Discussant: Marcus Plested
Opponents on both sides of the Palamite controversy (1338-1368) invoked the writings of the Church Fathers to support their theological claims and positions. Though scholars have long debated the patristic antecedents of the essence-energies distinction, research has tended to focus almost exclusively on the fidelity of St. Gregory Palamas to his patristic sources. This Workshop seeks, instead, to explore the use of the Fathers in the Palamite controversy more generally, from neglected influences on the writings of Palamas himself to the use of patristic authorities by Gregory’s opponents and subsequent defenders. Comprising a philological, historical, and theological exploration, this Workshop features papers on the following topics:
* The Fathers in St. Gregory Palamas
* Patristic sources in anti-Palamite theology
* Middle Byzantine and later patristic influences on the Palamite controversy
* The role of the Liturgy and Hymnography in the Palamite controversy
* The use of the Fathers by Palamite authors to 1453
Papers focus on individual Church Fathers and patristic sources and methodology in general—all aspects of patristic theology that enhances our understanding of Palamite and anti-Palamite theology in the fourteenth and fifteenth centuries.
This study plans to highlight more unusual cases where Byzantine liturgical sources, such as in the Menaion and homiletic material of Fathers, are essential to understand certain notions of Palamas’s theoptic and epoptic ideas. The vocabulary and central themes of divine vision and participation in the divine energies are often found in Byzantine hymnody describing such experiences of divine light by the apostles and other saints. In some cases, Palamas’s formulations are closest to literature of a liturgical vs. dogmatic character. Furthermore, certain Palamite values, such as the presumed infallibility of patristic axioms (e.g., Basil the Great’s teaching on the Holy Spirit) build on liturgical assertions of the saint’s authority in doctrinal matters. Palamas’s combination of liturgical sources for his logical arguments on behalf of the apodeictic syllogism within an Aristotelian typology with be explored. This will lead to the conclusion that Palamas was very much influenced by contemporary Scholastic views and opinions on theology as a science and on the nature of the beatific vision. However, his own theory combined a natural epistemological skepticism with a divine illumination theory that distinguishes him from both Medieval Latin and Barlaamian positions on the scientific status of theology.

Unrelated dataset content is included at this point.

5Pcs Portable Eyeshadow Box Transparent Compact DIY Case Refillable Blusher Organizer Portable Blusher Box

There are some aspects of St Gregory Palamas’ anthropology which await an in-depth examination and analysis. One of them is his notion αἴσθησις νοερὰ καὶ θεία (intellectual and divine perception). Our paper is an effort to fill this gap. What is the background of this notion? Does it have a patristic precedent or is it of Palamas’ coinage? Why the term ‘νοερά’ (intellectual) and why ‘αἴσθησις’ (perception)? Aren’t they, somehow, contradictory? What are the eyes of the soul and the experience of God? How can the coordination of the physical and the spiritual senses be made?

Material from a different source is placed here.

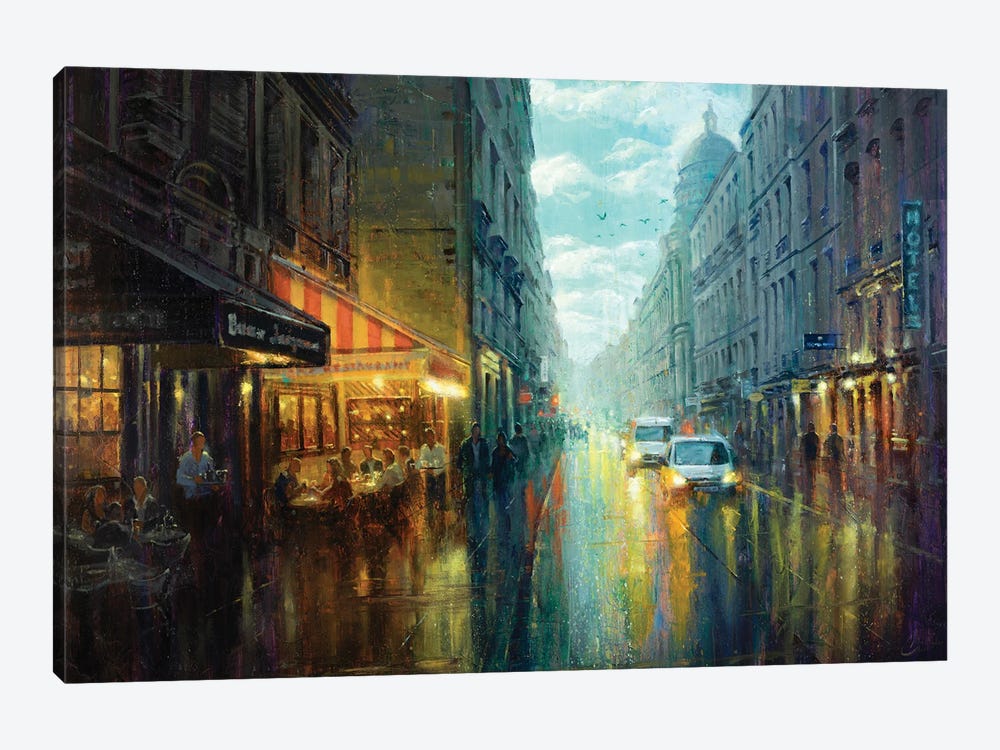 Paris Rainy Cafe, Large by Christopher Clark 1-piece Canvas Print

Τhe paper shows that the αἴσθησις νοερὰ combines in itself both the spiritual and the bodily: although it is beyond natural sense-perception (αἴσθησις), it touches both the soul and the body. However, the latter has to be transformed so that it may participate in the spiritual realities. Moreover, the paper stresses the central place that ‘experience’ (πείρα) has in the spiritual struggle, according to Palamas: it is this experience—which is different from discursive reasoning (διάνοια), the power of thinking—that permits man to discern the reality of his communion with the divine life, that he sees God and not a lesser light or trick of the evil one. Furthermore, Palamas speaks about the coordination of the physical and the spiritual senses, as well as the ‘implanted’ (ἐγγεγενημένην) spiritual power in the eyes of those who see the divine light. Finally, the presuppositions of seeing the light are mentioned: ascesis, detachment, and purification of the heart.

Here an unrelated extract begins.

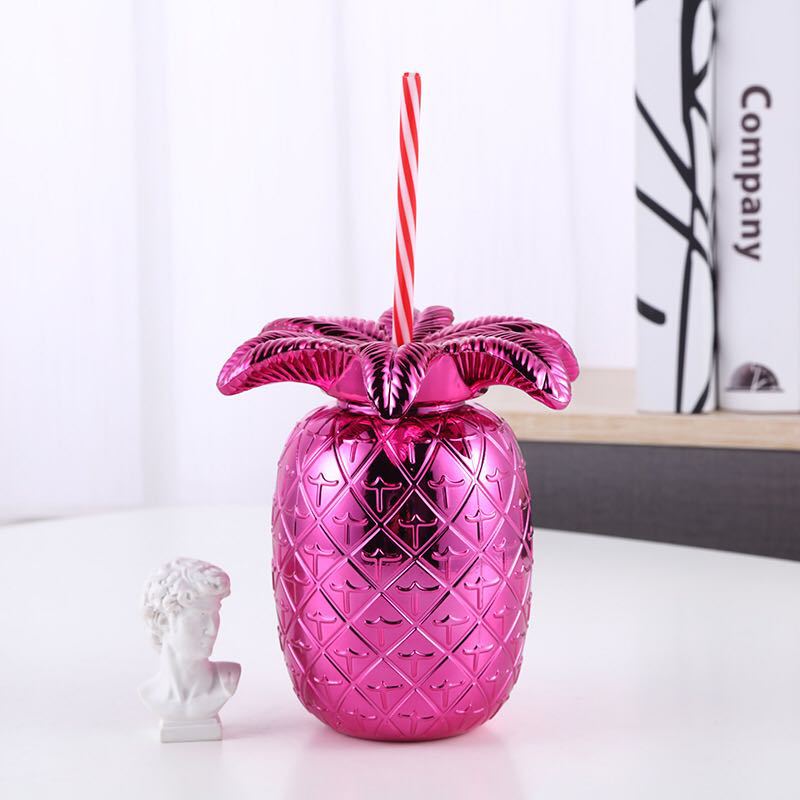 Factory direct sales, instant delivery, gold-plated and color-plated large pineapple 650ml, PET beverage bottle with straw, large water cup Specification drawing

John Meyendorff claims that ‘It is only within the perspective of the Maximian doctrine of the two energies or wills of Christ that it is possible to understand the terminology of St. Gregory Palamas.’ While scholarship on the Christological controversies prior to the sixth ecumenical council tends to focus on the question of Christ's wills, the Confessor’s early articulation of Christ’s two energies contains important aspects of his Christology that inform Palamas’s thought. This paper establishes Palamas’s indebtedness to Maximus the Confessor’s dyenergist Christology, particularly his treatment of Dionysius’s term ‘new theandric energy’ in Ambiguum 5.Maximus’s efforts to clarify the Dionysian phrase in light of Chalcedon result in a Christology in which the human energy of Christ mediates the concealment and disclosure of the divine energy; Christ ‘worked wonders in a human way, and suffered in a divine way.’ This paradigm becomes important for Maximus’s descriptions of deification, such that the saints’ mode of acting reflects Christ’s mode of theandric activity. Gregory Palamas profited from Maximus’s work on this topic as he articulated the essence-energies distinction and the deified life of the hesychast in the Triads.